Washington, DC — Protocols implementing California’s groundbreaking climate law, AB32, would allow many activities that are already occurring to count as greenhouse gas offsets, contrary to AB32’s requirements, argues a lawsuit filed today by the Citizens Climate Lobby and Our Children’s Earth Foundation. The suit will test the integrity of the offset mechanism that has been central to many of the cap-and-trade systems for reducing greenhouse gas emissions associated with climate change, according to Public Employees for Environmental Responsibility (PEER).

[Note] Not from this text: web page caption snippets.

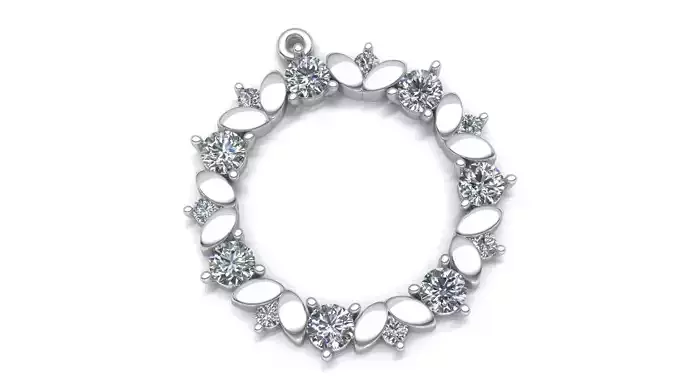 Pendant  circle with diamonds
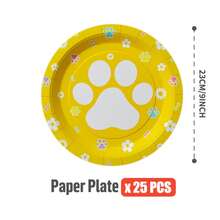 50/25/10pcs Pet Paw Print Disposable Paper Plates, Party Supplies, Suitable For 50 Guests, Disposable Paper Plates Party Tableware For Birthday, Wedding, Party, Family Picnic - View 10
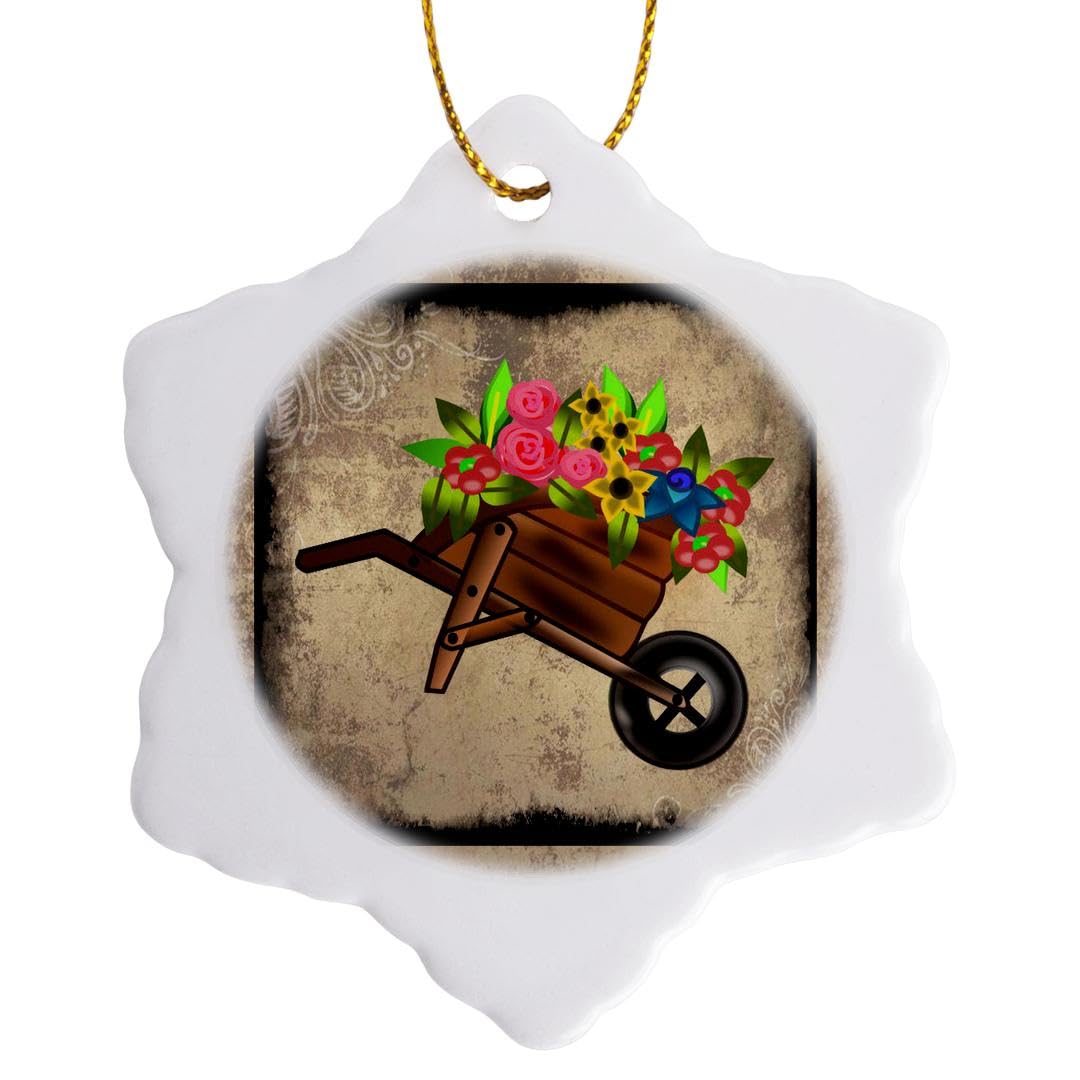 3dRose orn_14864_1 Flowers in Wheelbarrow Porcelain Snowflake Ornament, 3-Inch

AB32 (California’s Global Warming Solutions Act of 2006) enacted mandatory greenhouse gas emissions reduction goals. Under regulations and protocols recently adopted by the California Air Resources Board (ARB), up to 85% of the required greenhouse gas reductions in ARB’s cap-and-trade program could be met by the use of offsets. ARB has approved offsets for projects such as livestock manure digesters, urban and rural forestry practices and destruction of ozone depleting substances.
The lawsuit contends that these offsets fail to meet the twin statutory standards that were intended to ensure the reliability of AB32 reductions, namely –
- Any “greenhouse gas emission reductions achieved are real, permanent, quantifiable, verifiable, and enforceable by the state board”; and
- Any such “reduction is in addition to any greenhouse gas emission reduction otherwise required by law or regulation, and any other greenhouse gas emission reduction that otherwise would occur.”
Offsets, on the other hand, are imaginary commodities based upon guesses about what would have happened in their absence. The suit, filed in the California Superior Court in San Francisco, argues that the offset protocols and regulations violate the statutory standards because they lack a reliable way to distinguish what has happen because of the offset payments versus what would have happened anyway. In addition, the lawsuit claims that many activities that are already ongoing would qualify as offsets under the recently approved regulations. As a result, the use of these offsets would allow a false accounting of California’s progress in fighting climate change.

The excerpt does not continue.